I was born just two weeks before the invasion of Poland by the Third Reich in September 1939 which started World War II, in the City of Kingston upon Hull, Yorkshire, north-eastern England, and lived there (or in temporary accommodation just outside the City because of bomb damage to successive family homes) throughout the war. It was our City, not Coventry or London, which suffered proportionately by far the most severe war damage in Britain, though because of its strategic significance as the nearest major sea port to Germany its identity was a closely guarded secret throughout the war. Thus the war damage of 89,500 out of Hull’s 93,000 buildings, with over 10,000 totally destroyed, was always referred to as the bombing of “A North-East Coast Town”. I can therefore understand from my own experience the tragedy of Warsaw where the physical and human war damage was far greater. Then, 20 years after the first major air raid I got my first museum job with the City Museums - or more accurately their remains, working on the identification of tiny fragments remaining of a once great collection that was largely lost when four of the City’s six pre-war museums were destroyed by bombing or consequent fires. I can therefore claim to have been closely involved in the protection of cultural property affected by war from the very beginning of my career.
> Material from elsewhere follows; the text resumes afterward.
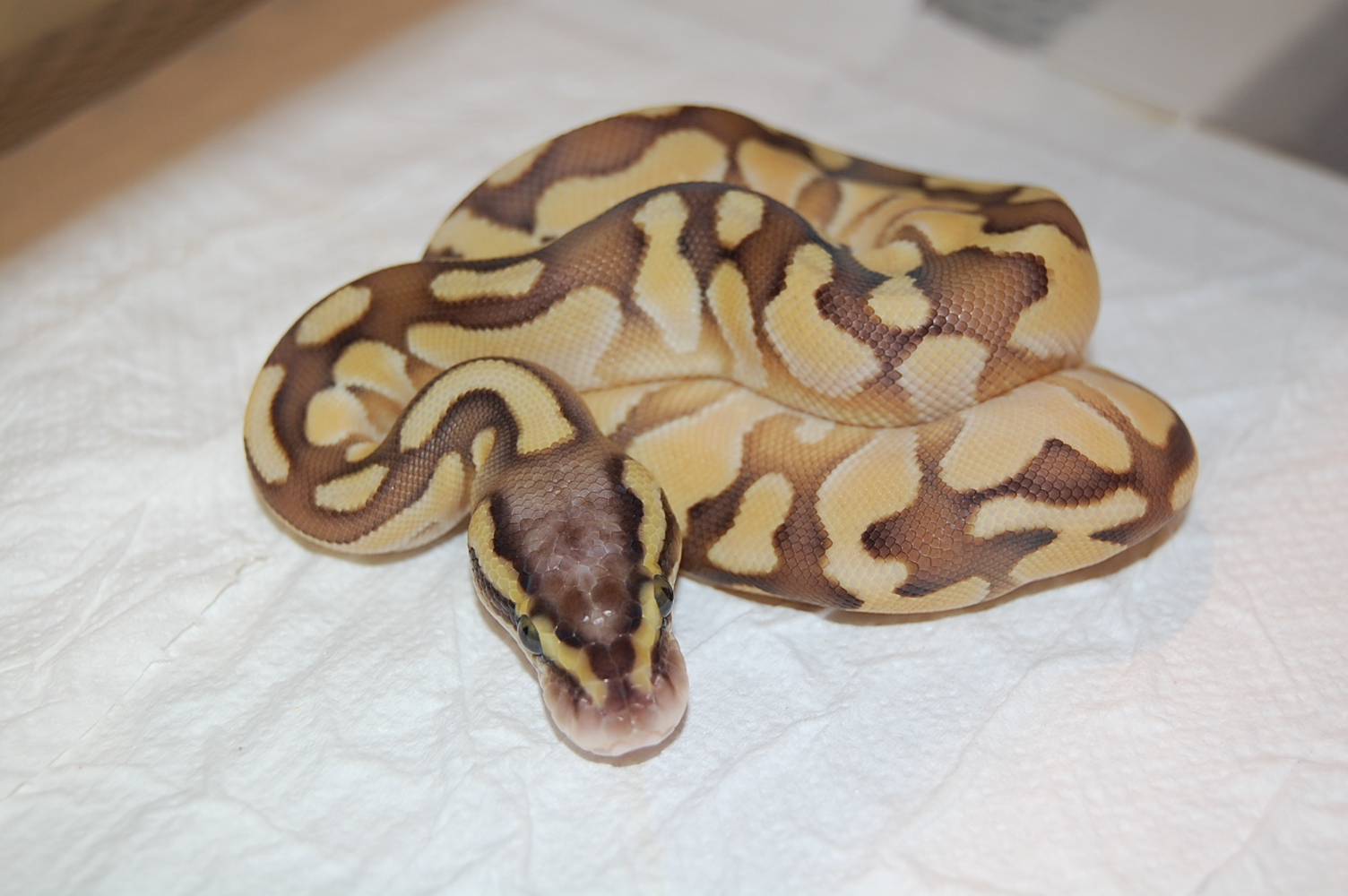 Enchi Butter Pastel 2011 Hembra (4).JPG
I know that the British are often, and quite rightly, perceived as people who take great care to hide their feelings, but today I could not hide the deep emotion that I feel at this moment, even if I wanted to do so. I can therefore want to say that I am deeply moved and greatly honoured that the organisers of this magnificent Conference have asked me to give the opening address in this ceremony to mark the 50th anniversary of the adoption of the original Hague Convention on the Protection of Cultural Property in the Event of Armed Conflict exactly 50 years ago today, on 14th May 1956.
As many of you know, I have been very closely involved for nearly fourteen years with the development of improved measures to protect cultural property in times of armed conflict. As an Executive Council member of the International Council of Museums (ICOM) in 1990 I was asked by my colleagues to take special responsibility within the Council over the growing crisis in Yugoslavia, and then during the first Gulf War in 1991. In the Autumn of 1992 I was commissioned jointly by UNESCO and The Netherlands (as part of its contribution to the International Decade of International Law) to carry out a wide-ranging review of the apparent failure of the 1954 Hague Convention and its Protocol (now the First Protocol) to achieve the clear and honourable objectives which this important International Legal Instrument was intended to achieve, and to make recommendations for their updating and improvement. I must confess that I was surprised to be asked to undertake such a task, since I am not a qualified lawyer. However, I was assured by UNESCO and by the Foreign Affairs and Culture Ministries of The Netherlands that after a number of inconclusive legal reviews over a period of decades, they were seeking the perhaps more practical viewpoint of an experienced senior heritage manager.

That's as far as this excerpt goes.